-------- Data shown
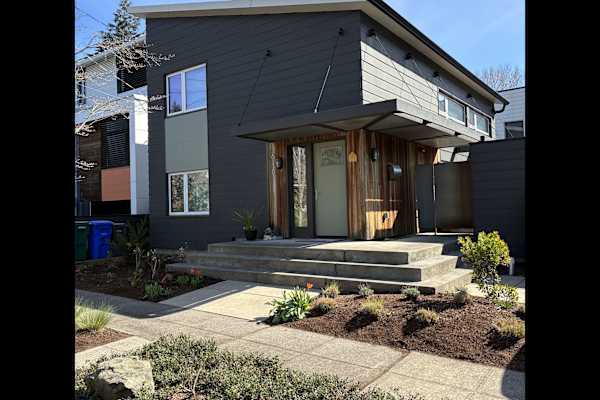 House sit in Portland, OR, US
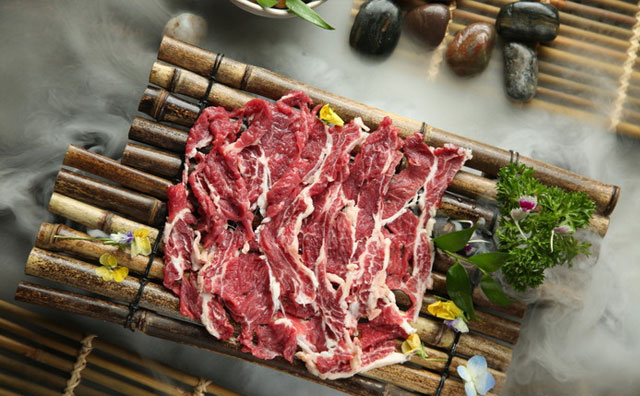 創業開一家牛肉飯店，選擇單打獨斗還是加盟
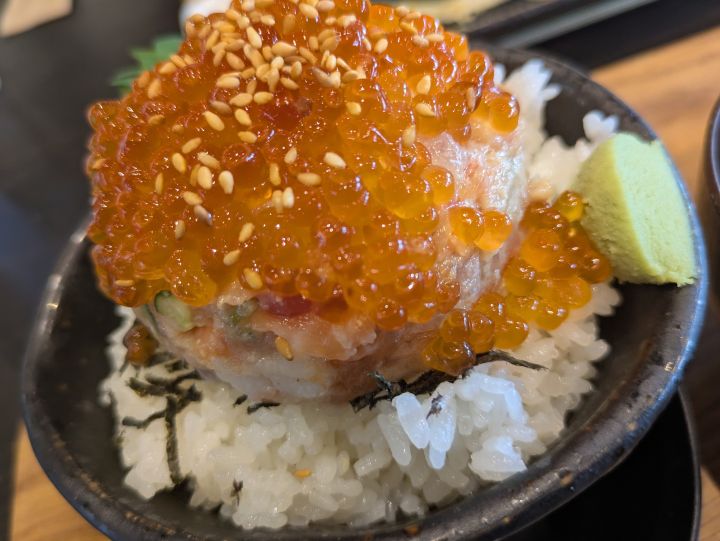 海鮮食堂KUTTA(クッタ):プレミアムKUTTA丼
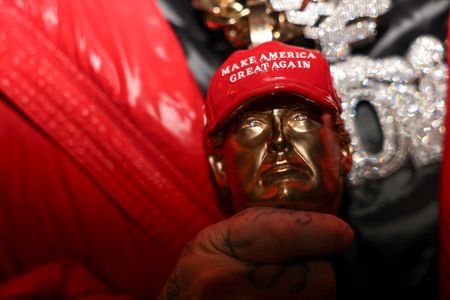 tagreuters.com2025binary_LYNXNPEL0J04C-VIEWIMAGE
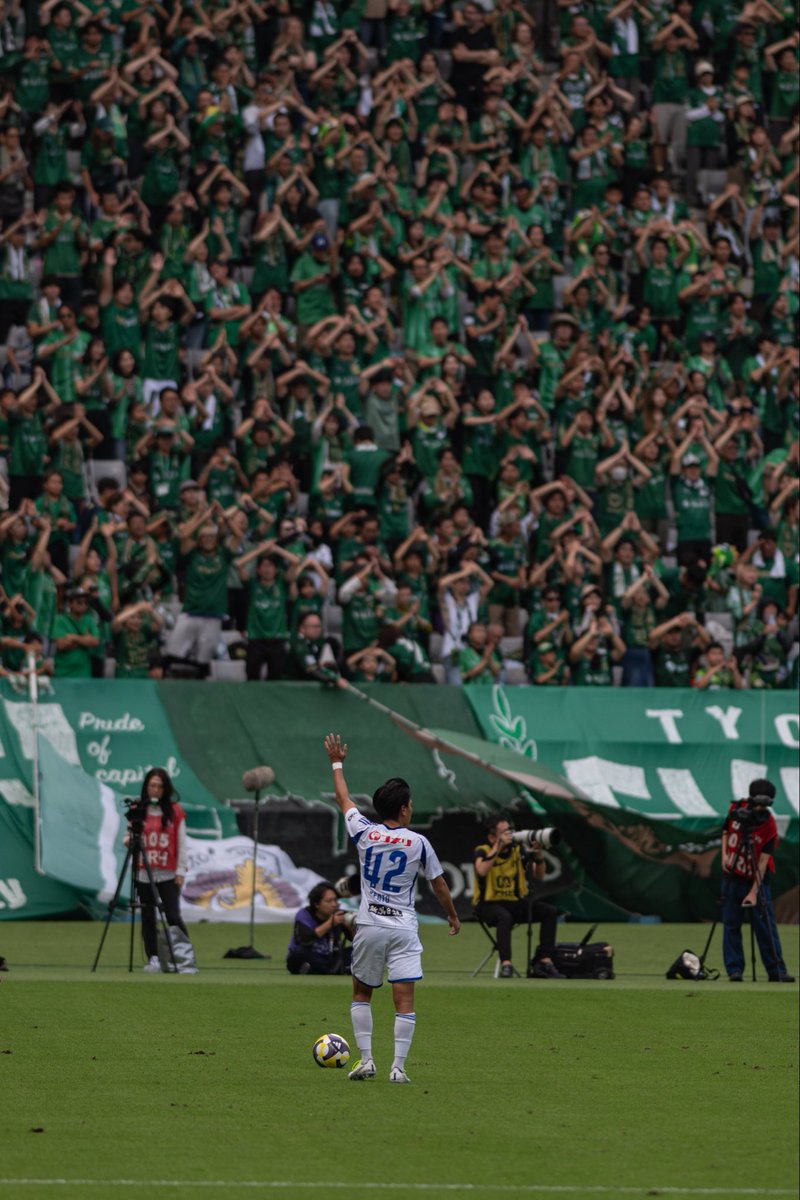 kodino_127's tweet image. 緑色の壁に向かって⚽️

#albirex
#橋本健人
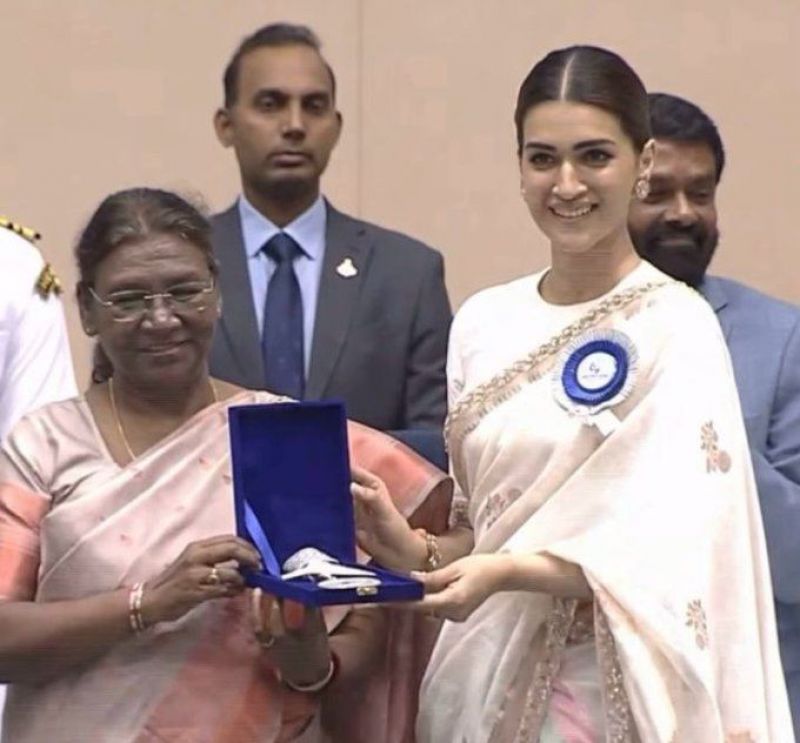 69th National Film Awards: President Honours Winners Waheeda Rehman, Allu Arjun, Alia Bhatt, Kriti Sanon, Pankaj Tripathi, R Madhavan & Others
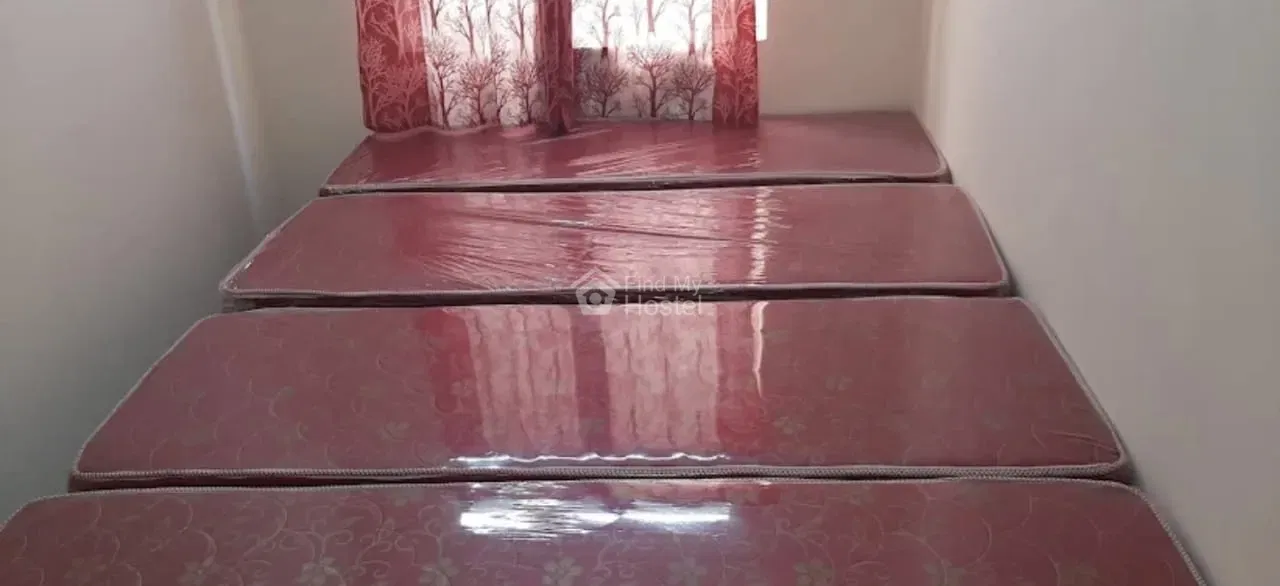 SSR Deluxe Girls Hostel in BN Reddy Nagar, Hyderabad — photo 5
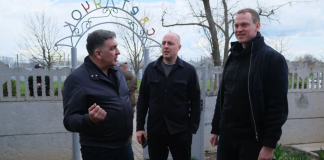 Губернатор Павел Малков проверил ход работ на соцобъектах в подшефной Херсонской области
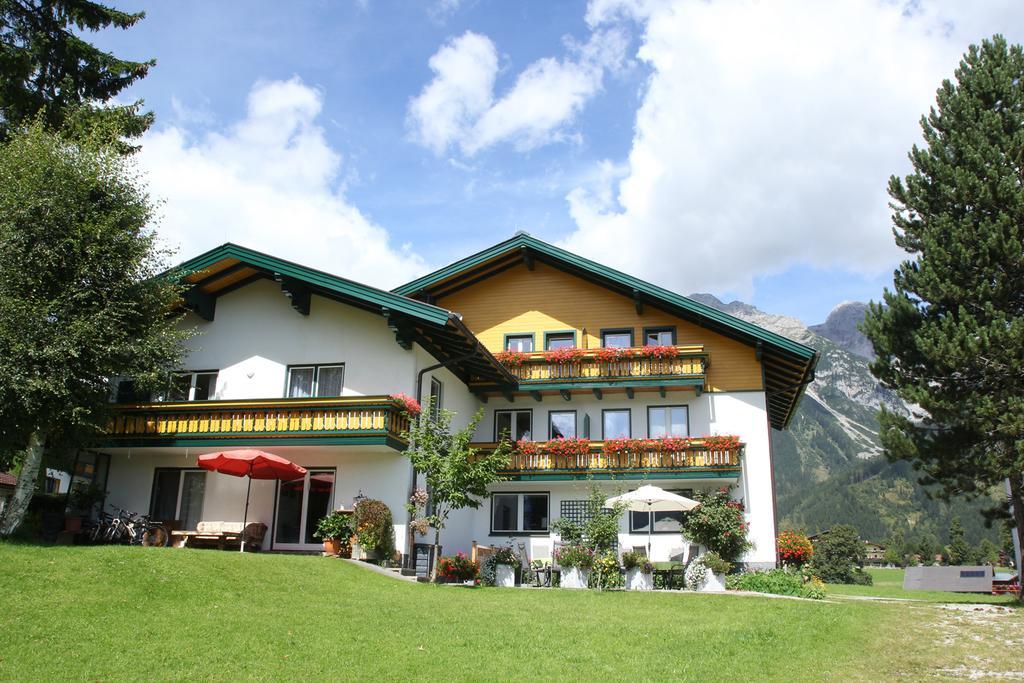 Apartmenthaus Dornroeschen Ramsau am Dachstein Luaran gambar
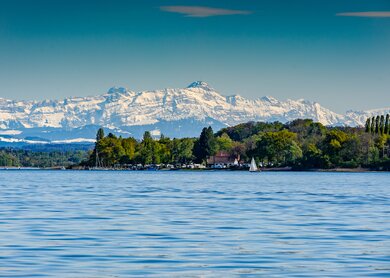 Föhnstimmung am Bodensee mit den Alpen zum greifen nah | ©  Gettyimages.com/Carsten Ortlieb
----------------
## Work to complete
Out of the records above, please copy exactly the lines from the line with "tagreuters.com2025binary_LYNXNPEL0J04C-VIEWIMAGE" up to and including the line with "Губернатор Павел Малков", minus the pictures.

## Answer to this problem
 tagreuters.com2025binary_LYNXNPEL0J04C-VIEWIMAGE
 kodino_127's tweet image. 緑色の壁に向かって⚽️

#albirex
#橋本健人
 69th National Film Awards: President Honours Winners Waheeda Rehman, Allu Arjun, Alia Bhatt, Kriti Sanon, Pankaj Tripathi, R Madhavan & Others
 SSR Deluxe Girls Hostel in BN Reddy Nagar, Hyderabad — photo 5
 Губернатор Павел Малков проверил ход работ на соцобъектах в подшефной Херсонской области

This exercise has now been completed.